How much time each day do you think the average American spends on his/her mobile device? Not talking, but actually consuming content? Take a guess. According to a recent report by eMarketer, people spend 4 hours and 40 minutes each day on their mobile devices. 2 hours and 21 minutes of that time is in an app; the rest is online! People are checking email; perusing websites; checking Facebook, Instagram and Twitter; and playing games. You name it; they do it on their mobile devices. The number one reason people use their mobile devices is because of convenience. It’s easy to consume content when it’s right at their fingertips. Your church website is no different. Most of us probably have a decent church Web page, but how many of you know if your page is responsive to mobile users? Have you checked that out lately? Go ahead. Get out your mobile device and go to your website. Are you pinching and zooming to read what is there? Do images and content scale and reorganize themselves? If not, your website isn’t responsive and needs to be updated. It will provide your users a much more positive and less frustrating experience. Now that we have responsive design out of the way, you’re probably asking, “Does my church need a mobile app now?” There are several advantages in having a mobile app for your church. An app allows members to dive deeper and consume content not on your website. It’s a much more interactive environment. People can listen to sermon audio and view video, upload or view photos, ask for prayer, read your pastor’s blog, tithe through the app and much more.
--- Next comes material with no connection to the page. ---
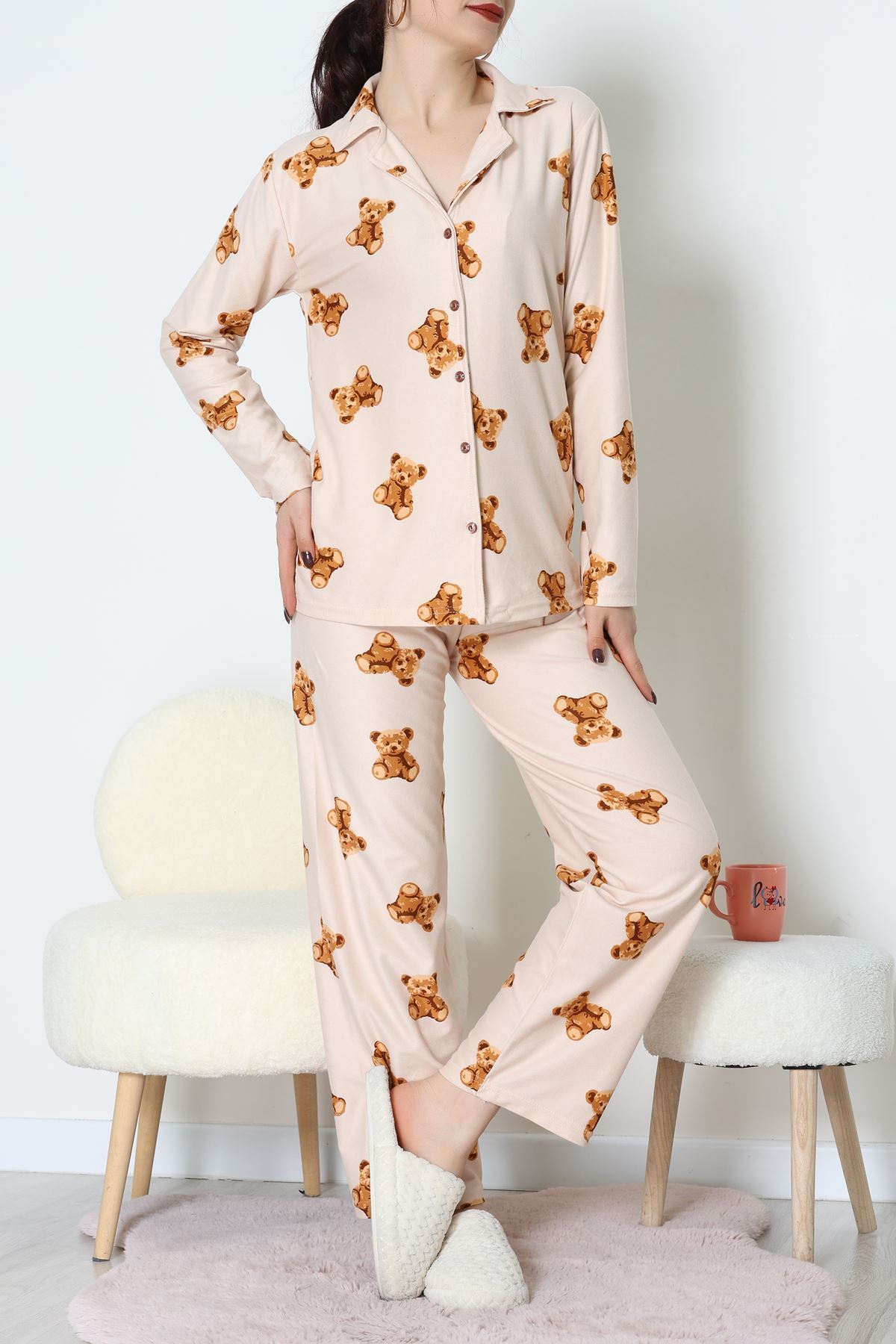 Düğmeli Süet Takım Bejayıkafa - 450.1287.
WHEN/IF YOUR CHURCH DECIDES TO MOVE FORWARD WITH DEVELOPING A MOBILE APP, HERE ARE THREE THINGS TO KEEP IN MIND:

  1. Keep content fresh and updated regularly. Having a good content management solution in place will help with this. Find a service or technology tool that allows you to update all of your content channels in a single location, meaning there is no need to update the same information twice. (Hootsuite is a good option for managing all of your social media channels.)
  2. Make sure your app environment is one where people will always want to come back for more. The average lifespan of an app is four months. After that time, people tend to lose interest. Your church app should be different. Keeping your members engaged which will keep them coming back.
  3. Just like your website, make sure you have a clearly defined purpose for your app. It doesn’t need to be purely informational. If it is, you won’t even make the four-month mark. More and more churches are seeing the need for both responsive mobile sites and mobile apps now. However, the majority of churches are late to adopt. Don’t wait until your members start asking if you’re ever going to develop an app. Serve them well by staying ahead of
    the curve.

Author: Matt Morris 

You have between five and 10 seconds to get people focused on who you are and what you are all about. That’s right – between five and 10 seconds. Just to put things into perspective, Krispy Kreme recommends you warm its glazed donuts in the microwave for eight seconds for that “hot donuts now” experience.
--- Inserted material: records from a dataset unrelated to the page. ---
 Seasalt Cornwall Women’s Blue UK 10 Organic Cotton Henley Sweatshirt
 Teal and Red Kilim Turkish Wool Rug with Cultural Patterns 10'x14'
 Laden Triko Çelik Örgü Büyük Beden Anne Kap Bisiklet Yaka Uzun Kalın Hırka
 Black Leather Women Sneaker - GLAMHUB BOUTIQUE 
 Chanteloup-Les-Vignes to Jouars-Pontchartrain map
Most traffic to your church website is from potential visitors and newcomers. Your site is a virtual welcome center, open 24/7/365. I’ll define a “visitor” as someone who has only been inside your church three or fewer times. Visitors make decisions and form opinions about your church based on the information they see online. Often times, they ask themselves, “Will I/my family fit in?” So, ask yourself, why do people come to our website?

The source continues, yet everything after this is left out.